For this analysis, I set both threshold scores to 700 so that the number of participants that meet the requirements is big enough to make reasonable estimates of these ratios. But if we make the thresholds any higher, we get into very small sample sizes. So, before we go on, I will extrapolate the dataset using a Gaussian model.
The following function takes a dataset and computes the summary statistics we'll use as parameters of the model:
The mean and standard deviation of both test scores.
A regression model of verbal scores as a function of math scores, including the slope and intercept of the best fit line and the standard deviation of the residuals.
from scipy.stats import linregress
def run_regress(df):
subset = df.dropna(subset=['sat_math', 'sat_verbal'])
x = subset['sat_math']
y = subset['sat_verbal']
model = linregress(x, y)._asdict()
model['x_bar'] = x.mean()
model['y_bar'] = y.mean()
model['std_x'] = x.std()
model['std_y'] = y.std()
model['std_resid'] = np.sqrt(y.std()**2 * (1-model['rvalue']**2))
model['diff'] = 750 - (model['slope'] * 750 + model['intercept'])
return model
Here are the results for male and female participants.
model_male = run_regress(male)
model_male
{'slope': 0.7178981765301716, 'intercept': 131.23421699076414, 'rvalue': 0.7364655846849872, 'pvalue': 9.366475010436844e-112, 'stderr': 0.025944535141853017, 'intercept_stderr': 13.754270755516483, 'x_bar': 517.608024691358, 'y_bar': 502.8240740740741, 'std_x': 114.68249590043382, 'std_y': 111.79117721035935, 'std_resid': 75.62393800388467, 'diff': 80.34215061160717}
model_female = run_regress(female)
model_female
{'slope': 0.7529532783615287, 'intercept': 131.58465185439144, 'rvalue': 0.7424724177662607, 'pvalue': 2.7404858746767917e-132, 'stderr': 0.024838864388664287, 'intercept_stderr': 12.454336396031112, 'x_bar': 490.53333333333336, 'y_bar': 500.93333333333334, 'std_x': 103.91653903494971, 'std_y': 105.38344168763642, 'std_resid': 70.59390551775333, 'diff': 53.70038937446202}
We have seen most of these statistics before, but the regression parameters are new. Note that the slope of the regression line is 0.75 for women and 0.72 for men, which means that each additional point on the math section corresponds to a bigger fraction of a point on the verbal section. And that's consistent with what we saw using local regression.

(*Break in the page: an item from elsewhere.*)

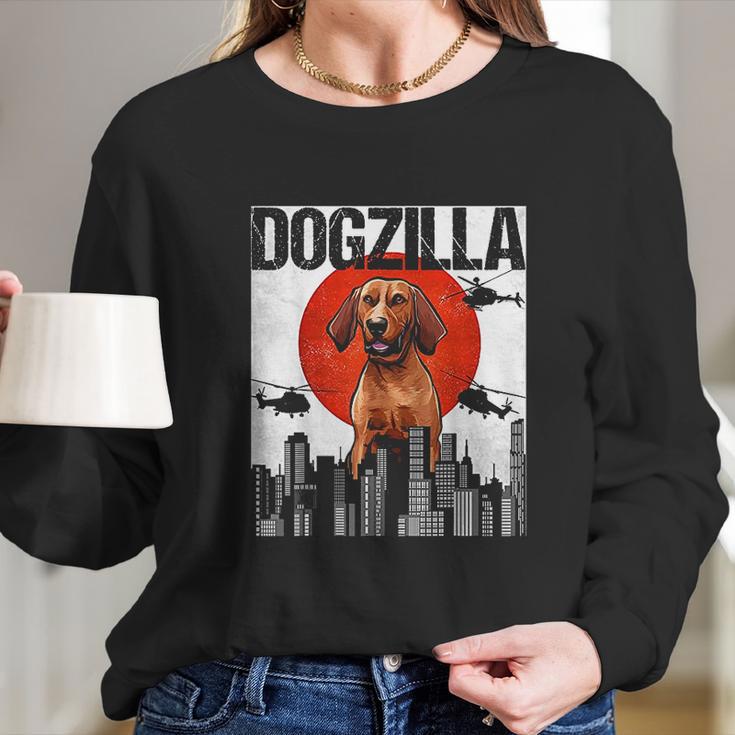 Funny Vintage Japanese Dogzilla Redbone Coonhound Long Sleeve T-Shirt Gifts for Her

Now we can use these models to simulate larger datasets, which will make it possible to explore farther into the tails. The following function takes a model and uses Gaussian distributions to generate a sample with the same parameters.
from scipy.stats import norm
def resample_normal(model, n):
mu_x = model['x_bar']
sigma_x = model['std_x']
xs = norm(mu_x, sigma_x).rvs(n)
over700 = norm(mu_x, sigma_x).sf(700)
print(over700)
mu_y = xs * model['slope'] + model['intercept']
sigma_y = model['std_resid']
ys = norm(mu_y, sigma_y).rvs(n)
return pd.DataFrame(dict(sat_math=xs, sat_verbal=ys))
Here's a sample based on the male model.
sample_male = resample_normal(model_male, 1000000)
sample_male.head()
0.05587141804055689
sat_math | sat_verbal | |
---|---|---|
0 | 549.290886 | 608.282316 |
1 | 304.914648 | 329.386366 |
2 | 589.158561 | 633.972882 |
3 | 648.955182 | 619.365723 |
4 | 636.555616 | 588.038710 |
And we can confirm that the summary statistics are about right.
run_regress(sample_male)
{'slope': 0.7176117527952254, 'intercept': 131.42994588189276, 'rvalue': 0.7354400554847134, 'pvalue': 0.0, 'stderr': 0.0006611645370343535, 'intercept_stderr': 0.3505110789379023, 'x_bar': 517.6181002913617, 'y_bar': 502.8787781105116, 'std_x': 114.5514635830689, 'std_y': 111.77454362738786, 'std_resid': 75.73728964910423, 'diff': 80.36123952168816}
Compared to the model it is based on.
model_male
{'slope': 0.7178981765301716, 'intercept': 131.23421699076414, 'rvalue': 0.7364655846849872, 'pvalue': 9.366475010436844e-112, 'stderr': 0.025944535141853017, 'intercept_stderr': 13.754270755516483, 'x_bar': 517.608024691358, 'y_bar': 502.8240740740741, 'std_x': 114.68249590043382, 'std_y': 111.79117721035935, 'std_resid': 75.62393800388467, 'diff': 80.34215061160717}
Here's a sample based on the female model.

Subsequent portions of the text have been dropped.